Nous avons lu comme il convenait, avec délices, les deux chapitres de « Ronsard, poète de la France » que notre vieil ami Henri Longnon a publiés dans la Revue universelle 1. Mais pourquoi diable ne s'est-il pas résigné au plus facile des partages entre Ronsard et Malherbe, celui-ci grand poète lui aussi, moins grand que Ronsard, très grand tout de même ? Il est le poète de l'État, Ronsard celui de la Nation, de ses idées, de ses mœurs, de sa foi, de son roi.

Henri Longnon relève d'abord chez le poète de Marie et d'Hélène un don de clairvoyance et de prévoyance politique, dérivé je crois bien, de son humanisme. La culture antique lui a fortement inculqué le sens de la causalité à laquelle sont soumis tous les peuples. Longnon écrit par exemple :

S'il avait fallu l'urgence de la défense des églises et du culte pour jeter Ronsard aux camps, et celle de la défense de la paix publique pour le tirer de sa retraite studieuse, et lui faire élever la voix en faveur du corps de la France assassinée et démembrée, ce n'était cependant pas la première fois que le poète envisageait la gravité de la question religieuse et s'inquiétait du péril que les dissensions issues d'elle faisaient courir à la paix et à la patrie.

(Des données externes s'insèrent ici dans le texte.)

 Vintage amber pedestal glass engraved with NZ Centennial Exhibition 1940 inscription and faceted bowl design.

En 1560 déjà, l'Élégie à Guillaume des Autels et le Discours à Louis des Masures, le premier catholique, le second protestant, avaient témoigné de ses alarmes avec une éloquence égale à celle des Discours ou de la Remontrance.

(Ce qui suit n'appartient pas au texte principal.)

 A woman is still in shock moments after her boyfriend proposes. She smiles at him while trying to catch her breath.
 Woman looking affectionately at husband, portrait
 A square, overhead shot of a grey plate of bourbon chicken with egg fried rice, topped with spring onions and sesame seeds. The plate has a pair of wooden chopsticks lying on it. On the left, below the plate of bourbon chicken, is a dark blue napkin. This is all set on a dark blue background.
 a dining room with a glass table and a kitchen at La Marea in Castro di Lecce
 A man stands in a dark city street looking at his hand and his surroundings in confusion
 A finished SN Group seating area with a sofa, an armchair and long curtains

Dans l'Élégie déjà, en particulier, la situation réciproque de l'Église et de la Réforme, l'inefficacité des mesures de répression violente à l'égard de l'hérésie, l'insuffisance surtout de la défense intellectuelle et morale du catholicisme à l'égard de la propagande protestante, lui étaient clairement apparues. Aussitôt il dressait et préconisait à son ami un plan, non plus de discussion défensive, mais de riposte offensive, sur le terrain qui était le sien, celui des lettres ; ce n'est plus par les armes, c'est PAR RAISONS, par VIVES RAISONS, qu'il faut répondre à l'adversaire. Ainsi, avait-il écrit, dès 1560, dans l'Élégie à des Autels :

Ainsi que l'ennemi par livres a séduit
Le peuple dévoyé qui faussement le suit,
Il faut, en disputant, par livres lui répondre,
Par livres l'assaillir, par livres le confondre.

« Si ne vois-je pourtant », ajoutait-il,

Si ne vois-je pourtant personne qui se pousse
Sur le haut de la brêche et l'ennemi repousse,
Qui brave nous assault ; et personne ne prend
La plume, et par écrit notre loi ne défend.

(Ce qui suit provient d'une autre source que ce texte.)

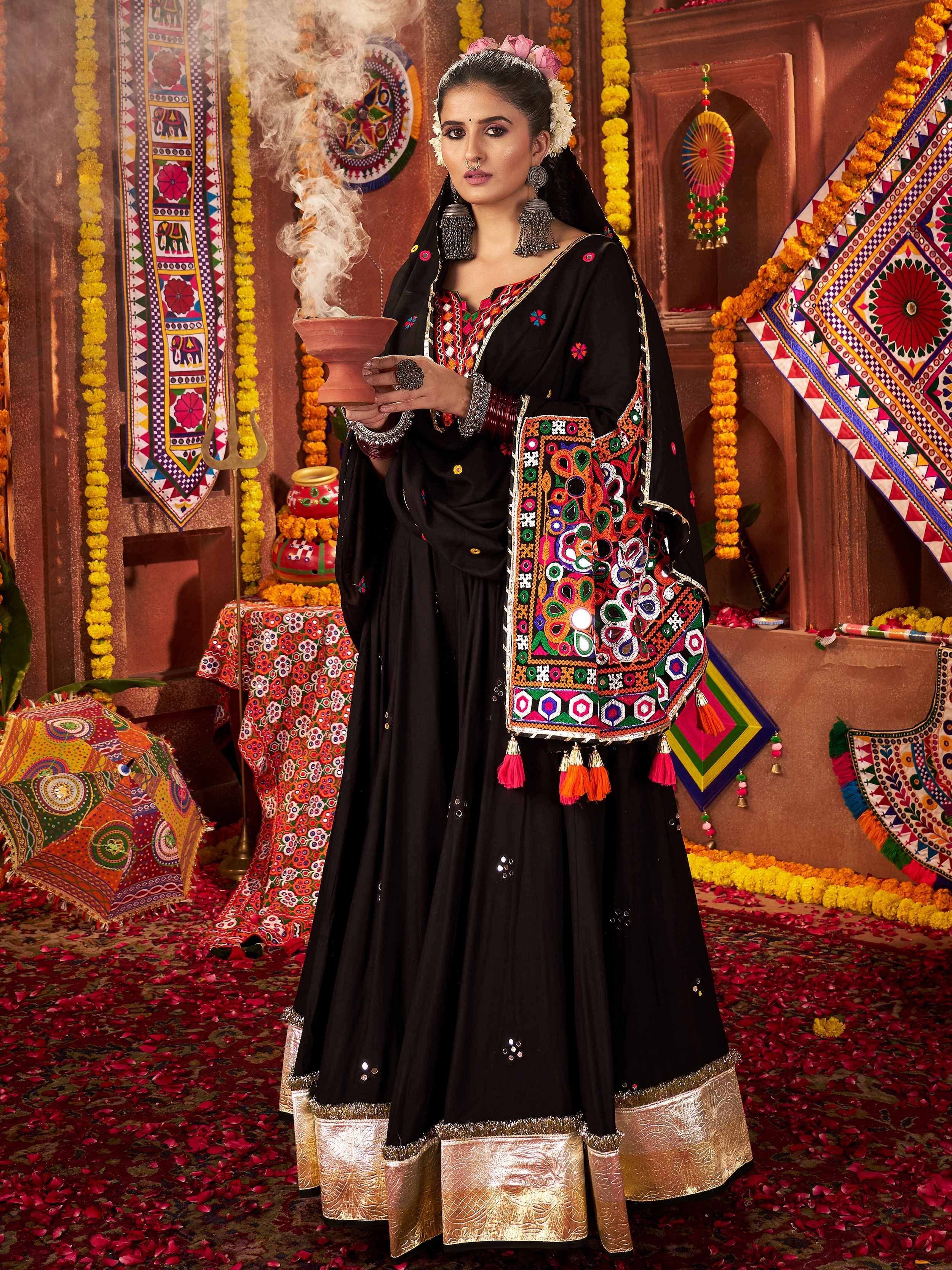 Black embroidered ethnic gown with colorful mirror work and gold border, perfect for festive occasions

En effet, autant la propagande protestante, qui se fait par charretées bien camouflées de vifs libelles et de pamphlets allègres, signés d'esprits actifs, instruits, rompus à la dispute et mordants, était ardente, prompte, insaisissable, autant la riposte catholique était pesante, pédante ou bien molle, languissante et sans portée. Les docteurs de Sorbonne, des bêtes théologiques comme le pesant Béda et le traînant Pierre Doré, semblaient s'en être jalousement réservé le monopole. Et c'était bien peu, contre l'institution chrétienne 2, modèle de prose française claire et éloquente, qu'un traité dogmatique en latin Adversus clandestinos lutheranos ; bien moins encore, qu'un Anti-Calvin latin à opposer à cette foison de pamphlets insinuants ou satiriques, à ces Boucliers ou Bâtons de la Foi, à ces Marmites ou ces Anatomies, tous en français, qui semblaient sourdre de tous côtés. C'était à croire, vraiment, que toute vigueur intellectuelle se fût retirée de l'Église catholique.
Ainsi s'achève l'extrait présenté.